Requirement >>
Below is a listing; restate from it, character for character, the lines beginning at the line holding "Lightship Overfalls was" and ending at the line holding "Hey everyone, Jonathan", both included.

Records provided >>

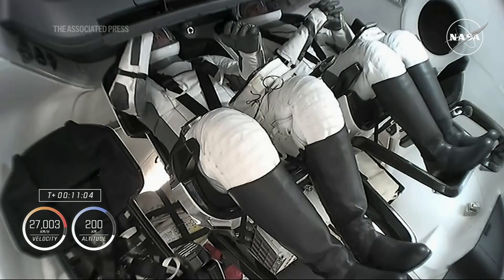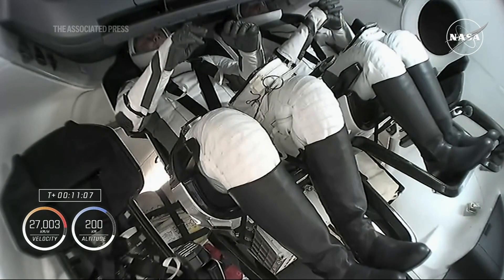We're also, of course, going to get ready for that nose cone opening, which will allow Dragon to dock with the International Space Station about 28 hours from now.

==

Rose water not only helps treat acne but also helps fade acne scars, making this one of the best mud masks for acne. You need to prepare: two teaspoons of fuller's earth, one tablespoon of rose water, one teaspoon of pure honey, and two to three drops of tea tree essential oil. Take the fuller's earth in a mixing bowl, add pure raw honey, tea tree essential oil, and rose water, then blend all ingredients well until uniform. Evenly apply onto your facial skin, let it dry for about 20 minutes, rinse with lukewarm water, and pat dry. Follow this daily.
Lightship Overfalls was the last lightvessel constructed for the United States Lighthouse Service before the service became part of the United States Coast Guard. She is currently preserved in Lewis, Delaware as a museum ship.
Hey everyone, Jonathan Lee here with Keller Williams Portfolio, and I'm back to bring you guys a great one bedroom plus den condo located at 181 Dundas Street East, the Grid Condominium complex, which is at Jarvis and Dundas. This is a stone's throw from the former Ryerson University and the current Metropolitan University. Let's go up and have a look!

---

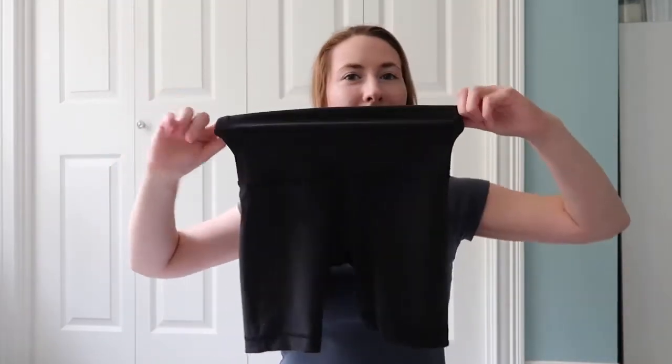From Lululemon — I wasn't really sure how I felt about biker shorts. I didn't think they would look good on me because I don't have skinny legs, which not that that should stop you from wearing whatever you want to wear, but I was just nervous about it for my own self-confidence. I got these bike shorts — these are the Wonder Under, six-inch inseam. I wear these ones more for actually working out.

Your solution >>
Lightship Overfalls was the last lightvessel constructed for the United States Lighthouse Service before the service became part of the United States Coast Guard. She is currently preserved in Lewis, Delaware as a museum ship.
Hey everyone, Jonathan Lee here with Keller Williams Portfolio, and I'm back to bring you guys a great one bedroom plus den condo located at 181 Dundas Street East, the Grid Condominium complex, which is at Jarvis and Dundas. This is a stone's throw from the former Ryerson University and the current Metropolitan University. Let's go up and have a look!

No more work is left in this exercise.